From: Peter Xu <peterx@redhat.com>
To: "“William Roche" <william.roche@oracle.com>
Cc: david@redhat.com, kvm@vger.kernel.org, qemu-devel@nongnu.org,
qemu-arm@nongnu.org, pbonzini@redhat.com,
richard.henderson@linaro.org, philmd@linaro.org,
peter.maydell@linaro.org, mtosatti@redhat.com,
imammedo@redhat.com, eduardo@habkost.net,
marcel.apfelbaum@gmail.com, wangyanan55@huawei.com,
zhao1.liu@intel.com, joao.m.martins@oracle.com
Subject: Re: [PATCH v7 3/6] accel/kvm: Report the loss of a large memory page
Date: Tue, 4 Feb 2025 12:01:48 -0500 [thread overview]
Message-ID: <Z6JH_OyppIA7WFjk@x1.local> (raw)
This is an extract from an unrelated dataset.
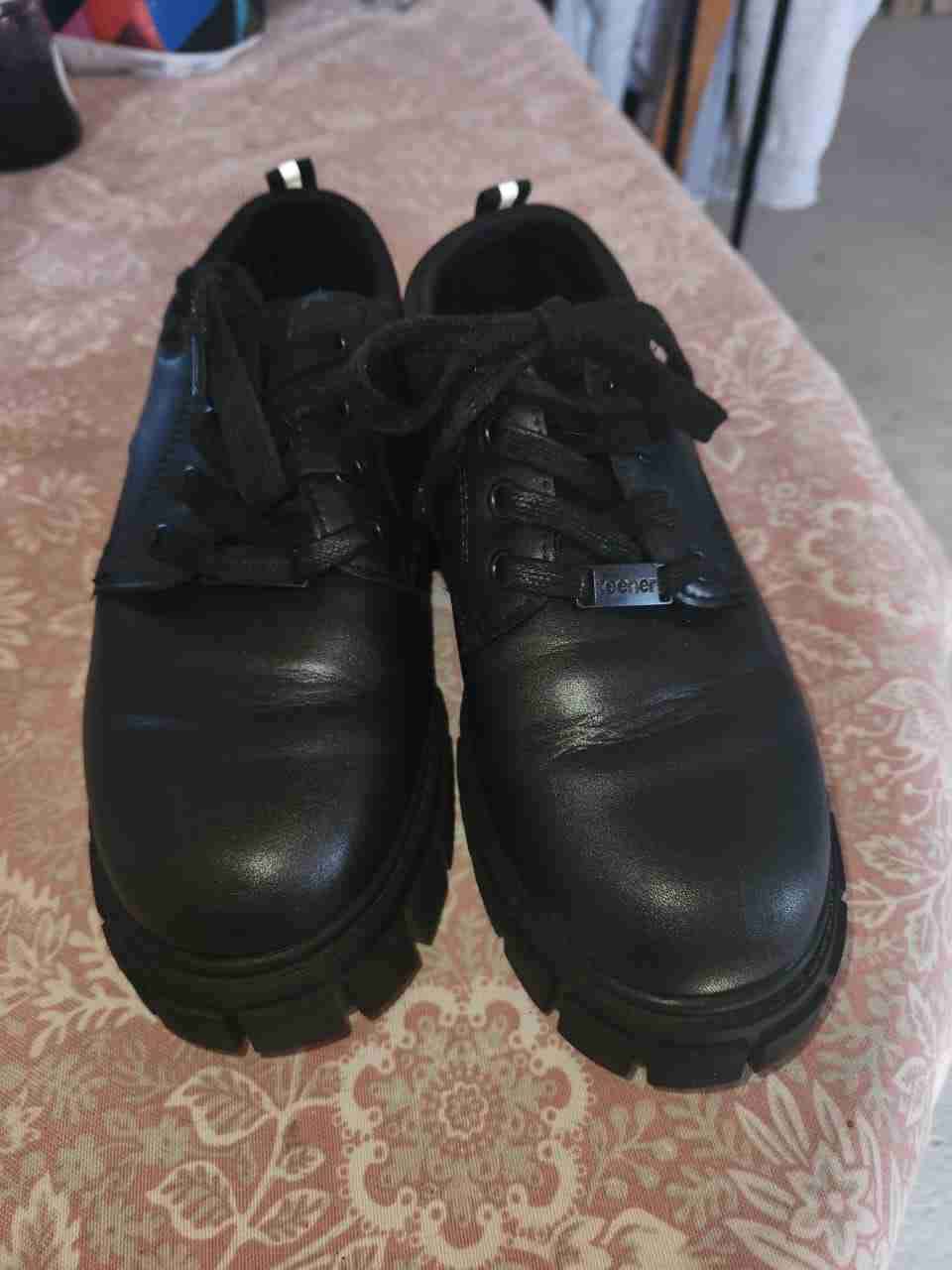 Zapatos negros de cuero - 1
In-Reply-To: <20250201095726.3768796-4-william.roche@oracle.com>
On Sat, Feb 01, 2025 at 09:57:23AM +0000, “William Roche wrote:
> From: William Roche <william.roche@oracle.com>
>
> In case of a large page impacted by a memory error, provide an
> information about the impacted large page before the memory
> error injection message.
>
> This message would also appear on ras enabled ARM platforms, with
> the introduction of an x86 similar error injection message.
>
> In the case of a large page impacted, we now report:
> Memory Error on large page from <backend>:<address>+<fd_offset> +<page_size>
>
> The +<fd_offset> information is only provided with a file backend.
>
> Signed-off-by: William Roche <william.roche@oracle.com>
This is still pretty kvm / arch relevant patch that needs some reviews.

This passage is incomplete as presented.